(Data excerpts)
=======

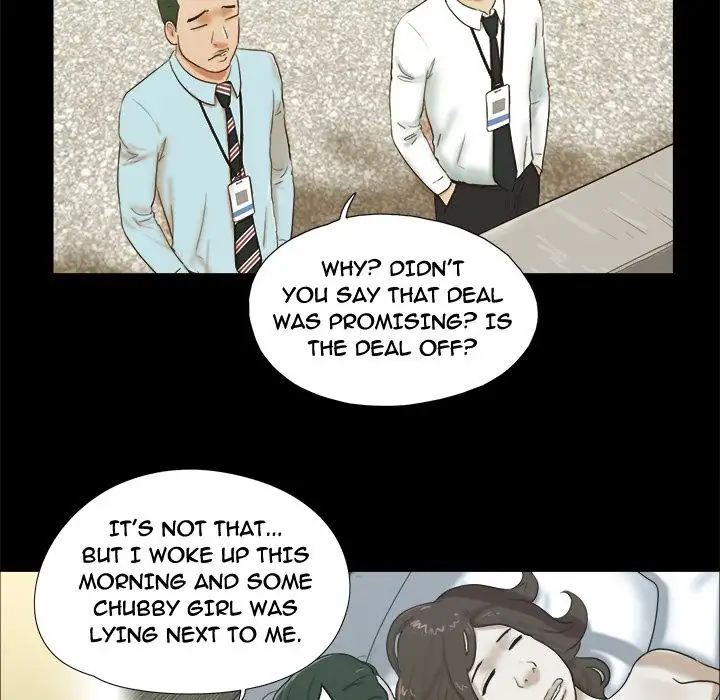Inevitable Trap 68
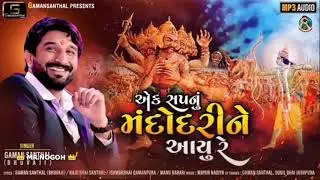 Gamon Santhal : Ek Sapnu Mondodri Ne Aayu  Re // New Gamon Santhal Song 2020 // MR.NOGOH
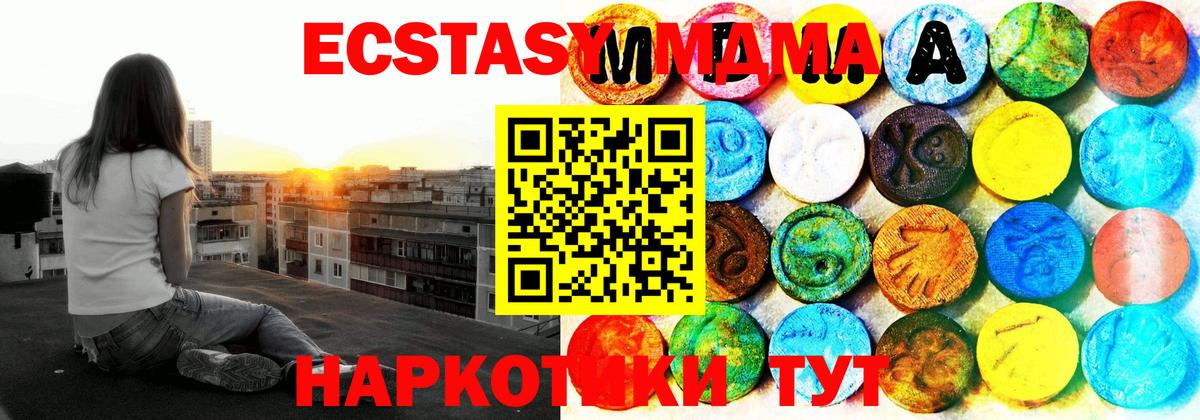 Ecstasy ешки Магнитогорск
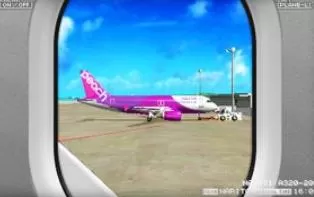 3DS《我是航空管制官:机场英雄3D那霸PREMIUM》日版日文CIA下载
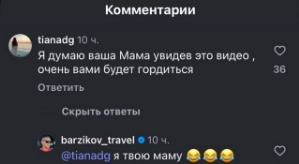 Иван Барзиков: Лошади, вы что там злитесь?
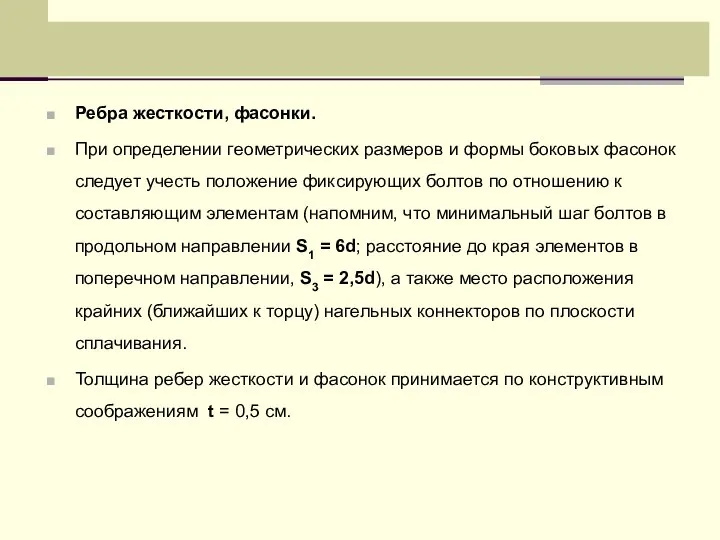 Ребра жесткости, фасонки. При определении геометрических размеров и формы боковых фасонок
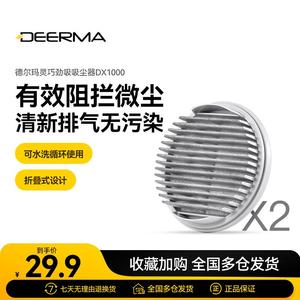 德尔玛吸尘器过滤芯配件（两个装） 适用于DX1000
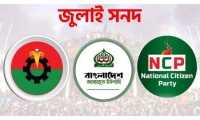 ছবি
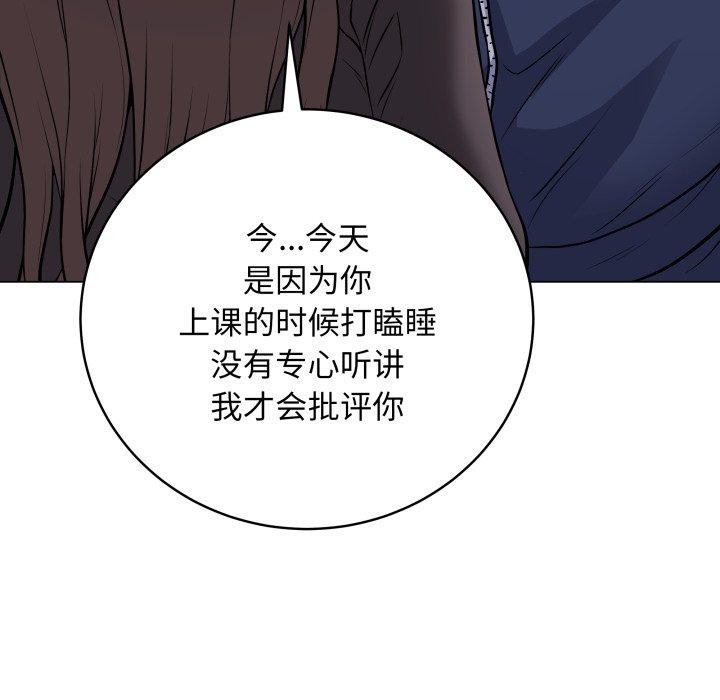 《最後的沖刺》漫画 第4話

=======

AIM OF THE TASK
All of the data gets printed again exactly; the pictures do not.

SOLUTION
Inevitable Trap 68
 Gamon Santhal : Ek Sapnu Mondodri Ne Aayu  Re // New Gamon Santhal Song 2020 // MR.NOGOH
 Ecstasy ешки Магнитогорск
 3DS《我是航空管制官:机场英雄3D那霸PREMIUM》日版日文CIA下载
 Иван Барзиков: Лошади, вы что там злитесь?
 Ребра жесткости, фасонки. При определении геометрических размеров и формы боковых фасонок
 德尔玛吸尘器过滤芯配件（两个装） 适用于DX1000
 ছবি
 《最後的沖刺》漫画 第4話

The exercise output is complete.